Extracted data:
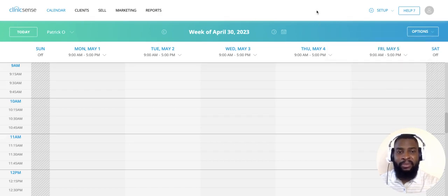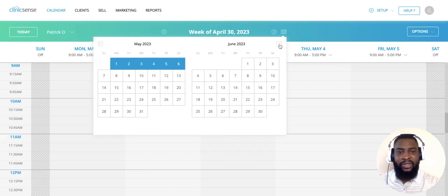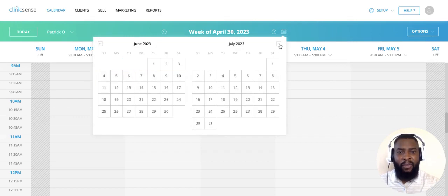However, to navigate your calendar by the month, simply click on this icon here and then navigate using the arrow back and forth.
==
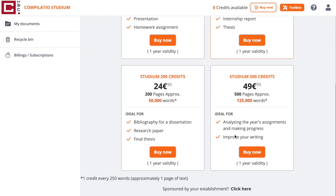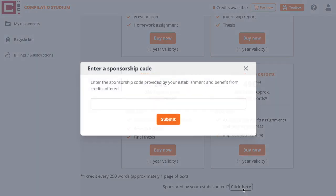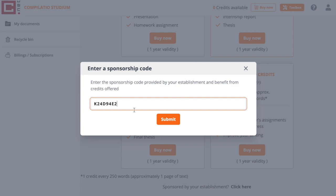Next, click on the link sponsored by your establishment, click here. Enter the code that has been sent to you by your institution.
--
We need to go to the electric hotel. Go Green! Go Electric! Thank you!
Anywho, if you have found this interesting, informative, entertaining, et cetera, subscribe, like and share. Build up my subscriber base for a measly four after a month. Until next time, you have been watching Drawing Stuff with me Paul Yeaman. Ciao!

Instructions for the task:
Keep both end lines and retype everything in the records above from the line containing "We need to go" through the line containing "Anywho, if you", exactly, with nothing else.

Exercise response:
We need to go to the electric hotel. Go Green! Go Electric! Thank you!
Anywho, if you have found this interesting, informative, entertaining, et cetera, subscribe, like and share. Build up my subscriber base for a measly four after a month. Until next time, you have been watching Drawing Stuff with me Paul Yeaman. Ciao!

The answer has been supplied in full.